Full-stack data ingestion in AWS (overview)


Context and goal

This pipeline ingests data daily from a third-party API into AWS. The goal is to keep a reliable, traceable flow from source to curated datasets without exposing internal implementation details.

What I mean by “full-stack” here: the project covers ingestion logic, data modeling, orchestration, and infrastructure as code, so the whole path is owned end-to-end.


High-level architecture

The flow is intentionally simple:

API → Lambda → S3 (Raw / Prepare / Refine) → PySpark → curated outputs

Key design principles:

  • Reproducibility: the same job runs locally and in production.
  • Traceability: each layer has a clear contract.
  • Separation of concerns: ingest, transform, and publish are independent steps.

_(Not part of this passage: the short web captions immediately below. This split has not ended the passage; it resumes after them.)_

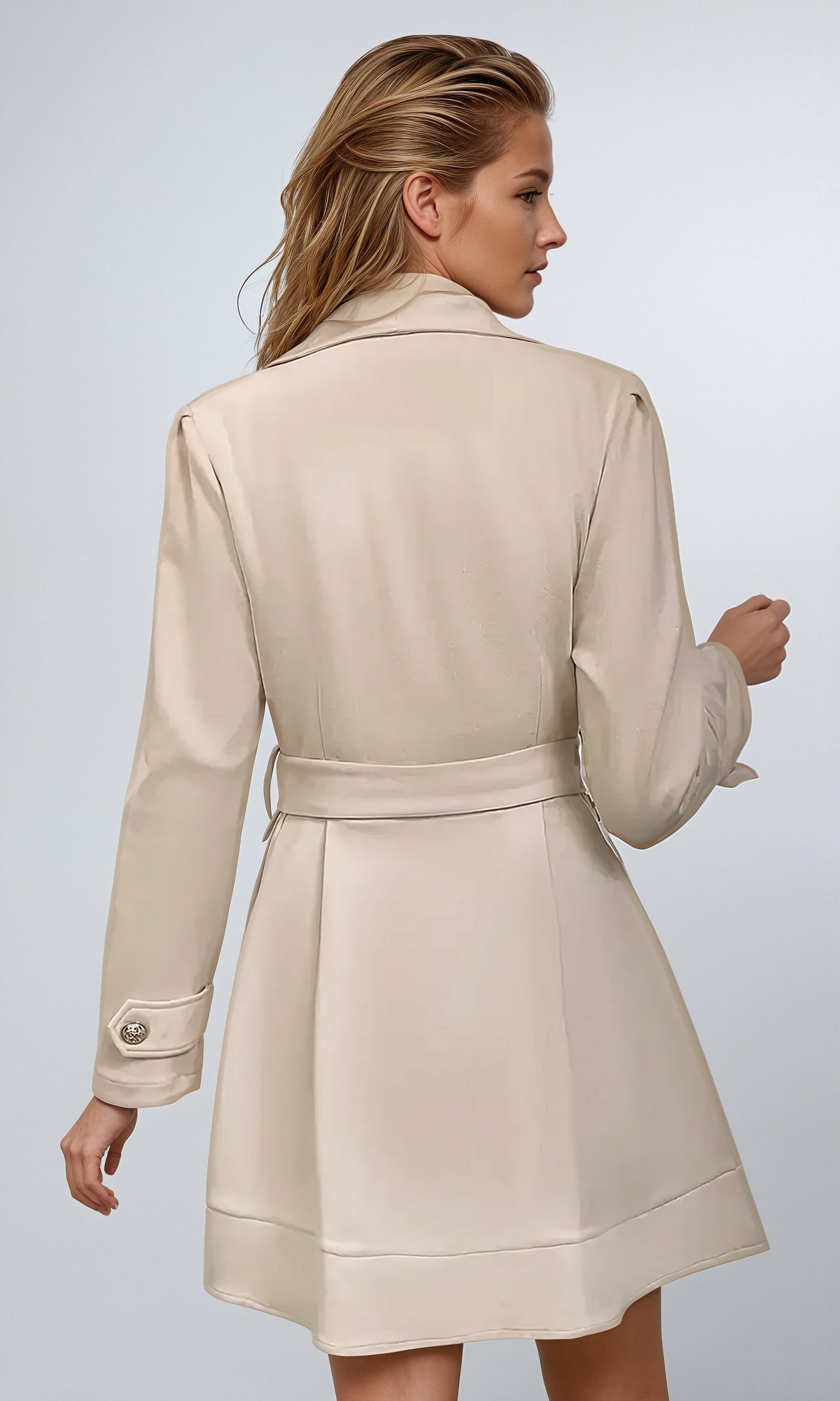 Chic Open-Front Trenchcoat met Tailleband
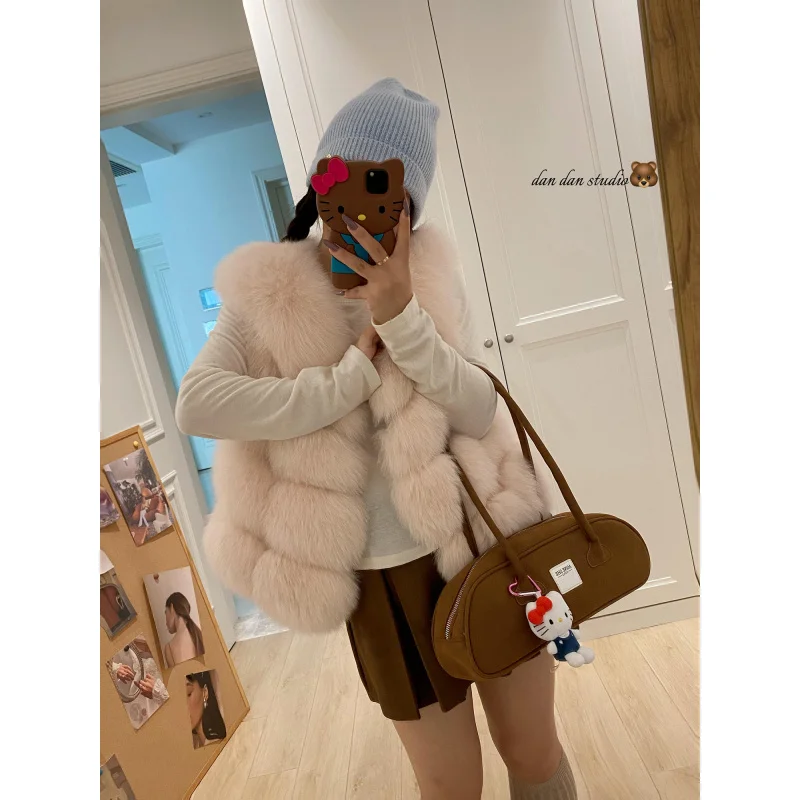 Real Fox Fur Vest Woman Real Fur Coat 2026 New Winter Fox Fur Collar Fur Vest Jacket Casual Short Outwear Winter Coat Female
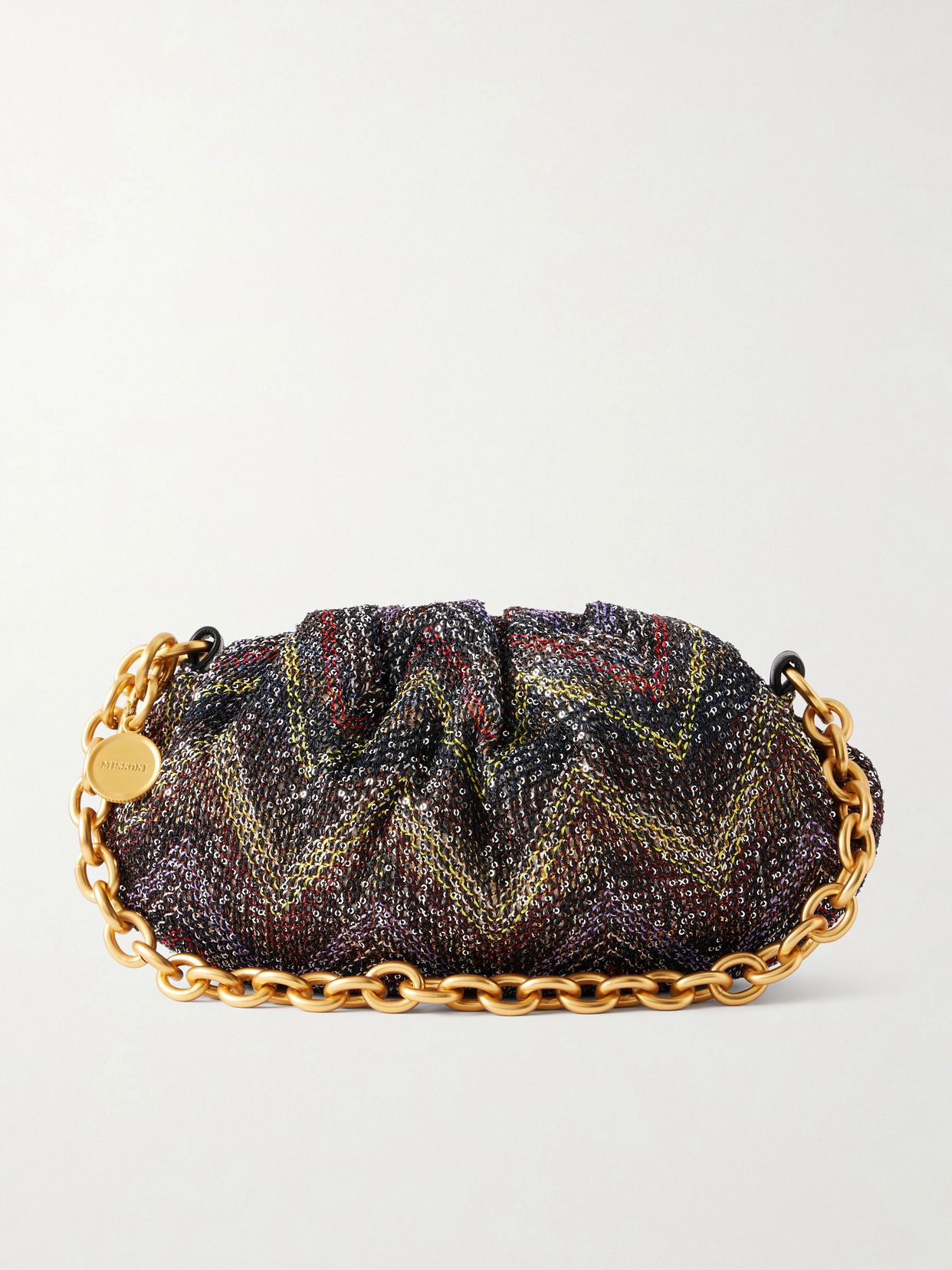 Caperdoni small sequined-embellished striped woven pouch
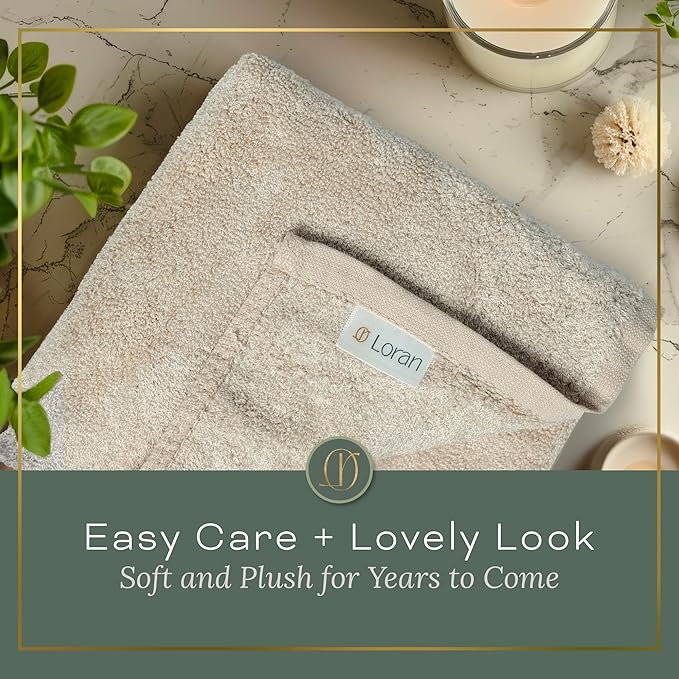 Vanilla Extra Large Washcloths Set of 6 Soft Body Cloths 13” x 13” 70% Viscose Derived from Bamboo, 30% Cotton Spa-Like Feel Silky for Skin Cleansing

Local development (parity with production)

Locally, the pipeline runs inside a Docker image based on PySpark. This gives two benefits:

  • The environment is consistent across machines.
  • The code behaves the same as in production, which avoids “it works on my laptop” surprises.

Running locally helps validate transforms and schema changes without touching production data.


Ingestion (API → Lambda)

Ingestion is handled by a Lambda function that consumes the API and writes to the Raw zone. At a high level:

  • It pulls data from the API with proper pagination.
  • It respects rate limits.
  • It logs what was fetched so runs can be audited.

This step is designed to be idempotent and safe to retry.


Data layers (Raw / Prepare / Refine)

The pipeline uses three data zones:

  • Raw: unmodified source payloads for full traceability.
  • Prepare: cleaned, normalized data with basic validation.
  • Refine: curated datasets ready for downstream use.

Each layer has clear input/output expectations. This separation makes debugging and backfills easier.


Orchestration

The pipeline runs once per day on a schedule. If something fails, retries are handled at the job level, and failures are visible in logs/alerts.


Infrastructure as code (Terraform)

Terraform defines the infrastructure: storage, IAM roles, the Lambda function, and other AWS resources. This makes:

  • Environments reproducible.
  • Changes auditable.
  • The pipeline portable to new accounts or regions.

Security and access (high level)

Access is scoped with least-privilege permissions. Secrets are not hardcoded and are managed outside the codebase.


Next steps

This is the overview. In future posts, I may add:

  • Monitoring dashboards and alerting strategy.
  • Schema evolution and data quality checks.
  • Performance tuning for larger volumes.